Much of the Muslim world is represented in Metro Detroit. While there is no official count, a recent study of attendance at mosques determined that there are anywhere from 125,000 to 200,000 Muslims in the area. They have roots in South Asia, the Middle East, Eastern Europe and Africa, and there are African-American and American converts from other ethnicities, too.
As Islam takes firmer root in America, Muslims now in their 20s say they will guide the course.
"People my age are much more involved in Islam, and practicing it," said Nadia Bazzy, 22, of Canton, a graduate student. "Plus, there are just much greater resources than my mom had," she said, citing the Internet, Islamic youth groups, organizations on campuses and Qur'an study groups.
Her mother, Najah, a nurse and Muslim leader, lectured on the generational differences last weekend at a mosque in Maryland.

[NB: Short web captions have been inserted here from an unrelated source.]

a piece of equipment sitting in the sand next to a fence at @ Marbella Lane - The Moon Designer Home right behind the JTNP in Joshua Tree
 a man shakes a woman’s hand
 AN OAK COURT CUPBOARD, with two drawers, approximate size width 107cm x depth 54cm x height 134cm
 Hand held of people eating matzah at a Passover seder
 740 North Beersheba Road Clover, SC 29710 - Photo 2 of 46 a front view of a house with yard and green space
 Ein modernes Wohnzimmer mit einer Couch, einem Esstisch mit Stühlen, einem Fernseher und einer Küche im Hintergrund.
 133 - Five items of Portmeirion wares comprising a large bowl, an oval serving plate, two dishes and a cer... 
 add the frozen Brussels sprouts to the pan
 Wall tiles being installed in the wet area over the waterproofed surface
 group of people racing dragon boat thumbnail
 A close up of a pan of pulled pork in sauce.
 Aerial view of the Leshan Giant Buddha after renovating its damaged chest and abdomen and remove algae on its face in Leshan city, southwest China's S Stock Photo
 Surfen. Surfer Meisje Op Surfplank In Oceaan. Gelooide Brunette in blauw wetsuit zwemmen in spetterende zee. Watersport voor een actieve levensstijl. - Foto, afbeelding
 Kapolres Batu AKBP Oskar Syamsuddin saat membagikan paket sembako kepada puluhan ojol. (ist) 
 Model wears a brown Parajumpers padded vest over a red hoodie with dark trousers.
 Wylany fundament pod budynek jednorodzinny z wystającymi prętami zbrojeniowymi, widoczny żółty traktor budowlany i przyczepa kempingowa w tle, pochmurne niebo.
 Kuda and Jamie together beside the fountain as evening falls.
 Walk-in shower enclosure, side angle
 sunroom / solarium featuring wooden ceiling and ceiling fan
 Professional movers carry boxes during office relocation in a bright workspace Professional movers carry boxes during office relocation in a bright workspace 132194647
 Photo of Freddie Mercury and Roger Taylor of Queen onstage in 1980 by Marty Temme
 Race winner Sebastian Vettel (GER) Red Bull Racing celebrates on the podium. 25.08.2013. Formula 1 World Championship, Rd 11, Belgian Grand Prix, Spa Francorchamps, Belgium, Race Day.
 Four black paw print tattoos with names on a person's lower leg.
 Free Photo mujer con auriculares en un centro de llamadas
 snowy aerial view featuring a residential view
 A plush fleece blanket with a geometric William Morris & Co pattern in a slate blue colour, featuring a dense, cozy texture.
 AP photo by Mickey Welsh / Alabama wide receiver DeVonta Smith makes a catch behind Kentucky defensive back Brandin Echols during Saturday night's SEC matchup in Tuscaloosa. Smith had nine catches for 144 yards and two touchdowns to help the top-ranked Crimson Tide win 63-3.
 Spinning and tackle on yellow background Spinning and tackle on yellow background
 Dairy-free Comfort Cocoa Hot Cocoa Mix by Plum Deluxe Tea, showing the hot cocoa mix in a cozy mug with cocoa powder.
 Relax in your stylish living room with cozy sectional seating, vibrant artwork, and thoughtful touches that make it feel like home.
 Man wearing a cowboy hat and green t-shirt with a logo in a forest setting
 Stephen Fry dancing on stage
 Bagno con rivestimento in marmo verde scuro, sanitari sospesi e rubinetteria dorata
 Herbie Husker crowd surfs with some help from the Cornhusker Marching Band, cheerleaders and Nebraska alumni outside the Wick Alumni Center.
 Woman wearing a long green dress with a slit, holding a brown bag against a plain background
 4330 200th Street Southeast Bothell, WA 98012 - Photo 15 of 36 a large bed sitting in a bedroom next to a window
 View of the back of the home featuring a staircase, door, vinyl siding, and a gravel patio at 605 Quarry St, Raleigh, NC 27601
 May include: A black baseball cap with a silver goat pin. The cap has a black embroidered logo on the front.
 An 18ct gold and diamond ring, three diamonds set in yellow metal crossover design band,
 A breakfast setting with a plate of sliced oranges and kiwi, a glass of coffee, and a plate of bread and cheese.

"I really think it is an issue of comfort in America, of American identity," said Najah Bazzy, 44. "It is the difference between being in one's home and a guest in someone else's home. I think it is why the younger generation is in mosques more and more willing to assert that identity of staking a claim in America."
'Same views as all Americans'
As part of their assertiveness, younger Muslims sought to explain some of the findings in the Pew poll, which found that 25 percent of Muslims ages 18-29 view themselves as Muslims first, before identifying themselves as Americans. It is not unusual, Muslims said, for many people to identify themselves by their faith. They cited a finding in a previous Pew poll that 42 percent of all Christians and 62 percent of evangelical Protestants say they are Christian first.
As for the finding about suicide bombing, many asserted that the Prophet Muhammad expressly prohibited even collateral damage in war, let alone intentional assaults on civilians. They also point to a poll published in February by the Christian Science Monitor revealing that 24 percent of Americans say that "bombing and other attacks intentionally aimed at civilians are often or sometimes justified."
"I constantly feel that we are on the defensive," said Shahad Atiya, 19, of Bloomfield Hills. "Personally, I am sick and tired of that. I want to ask people, 'Why do you single me out?' "
The younger Muslims say they must actively teach their fellow Americans about Islam.
"As young Americans and Muslims, it is our social responsibility to have these discussions, to have social organizations, to get the word out about whom we really are and what we are about," said Ali Fawaz, 28, who works at a local marketing firm. "We have the same views as all Americans. Just because we are Muslims does not mean we are something less."